The Habitable Zone Planet Finder (HPF) is a large infrared spectrograph that will be used to analyze the components of starlight and to detect the slight motions of nearby stars caused by the gravity of orbiting planets. It will be approximately the size of an SUV, and will weigh over two tons. "We have designed the HPF to be able to efficiently observe small, cool stars, which are by far the most numerous types of stars in the Milky Way galaxy," explained co-principal investigator Lawrence Ramsey, professor of astronomy and astrophysics.
"These stars, which have temperatures far below that of the Sun, radiate very little of their energy in the visible part of the spectrum, so we must create an instrument that can capture the infrared part of the spectrum -- where the unaided human eye cannot see but where these stars are brightest," Ramsey said. The team chose to observe these stars because they offer the best opportunity for finding planets with solid surfaces in the so-called "Habitable Zone" around nearby stars, the range of distances from a star within which temperatures might be right for liquid water.

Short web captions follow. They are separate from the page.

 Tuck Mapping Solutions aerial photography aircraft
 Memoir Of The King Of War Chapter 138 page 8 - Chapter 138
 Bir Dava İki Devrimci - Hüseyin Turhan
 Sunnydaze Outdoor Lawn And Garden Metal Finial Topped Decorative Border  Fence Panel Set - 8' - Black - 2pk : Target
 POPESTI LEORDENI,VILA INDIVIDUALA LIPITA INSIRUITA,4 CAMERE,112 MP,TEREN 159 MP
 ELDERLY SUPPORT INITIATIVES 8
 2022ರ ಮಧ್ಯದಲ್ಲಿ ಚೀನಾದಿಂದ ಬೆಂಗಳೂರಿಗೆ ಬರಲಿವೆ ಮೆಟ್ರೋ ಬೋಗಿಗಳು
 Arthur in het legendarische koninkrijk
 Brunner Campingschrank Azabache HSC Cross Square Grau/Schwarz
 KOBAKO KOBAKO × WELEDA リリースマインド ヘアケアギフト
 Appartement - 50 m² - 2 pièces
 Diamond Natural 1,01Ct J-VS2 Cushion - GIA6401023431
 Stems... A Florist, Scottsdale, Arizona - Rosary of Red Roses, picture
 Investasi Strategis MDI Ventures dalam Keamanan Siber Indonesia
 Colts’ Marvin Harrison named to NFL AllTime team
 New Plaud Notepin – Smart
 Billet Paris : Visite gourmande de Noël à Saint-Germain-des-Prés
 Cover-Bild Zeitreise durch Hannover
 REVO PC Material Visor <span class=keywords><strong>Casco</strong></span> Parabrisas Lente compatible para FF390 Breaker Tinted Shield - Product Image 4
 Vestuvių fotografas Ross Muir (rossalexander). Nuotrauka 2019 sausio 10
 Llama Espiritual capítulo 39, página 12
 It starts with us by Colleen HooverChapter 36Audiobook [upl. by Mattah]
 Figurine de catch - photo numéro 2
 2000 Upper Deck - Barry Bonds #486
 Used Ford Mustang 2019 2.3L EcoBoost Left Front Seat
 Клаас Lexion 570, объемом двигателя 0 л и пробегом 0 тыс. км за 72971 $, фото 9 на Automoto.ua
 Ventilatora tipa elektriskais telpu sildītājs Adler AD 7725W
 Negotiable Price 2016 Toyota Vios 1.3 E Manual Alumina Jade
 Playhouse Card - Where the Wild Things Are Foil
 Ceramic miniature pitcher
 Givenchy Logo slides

The instrument will take three years to build. When it is completed, it will be shipped to the Hobby-Eberly Telescope at McDonald Observatory in west Texas to begin its multi-year quest for new worlds, during which it will survey more than a hundred nearby stars. "This instrument will precisely measure the motion of each star, hunting for the telltale "wobble" caused by an orbiting planet," said Penn State Assistant Professor Jason Wright, a co-principal investigator on the HPF team. "Once we detect these wobbles, we will be able to infer the surface temperature and mass of the planet or planets orbiting it. These cool stars we are targeting are some of the very closest to Earth. In astronomical terms, they are in our back yard."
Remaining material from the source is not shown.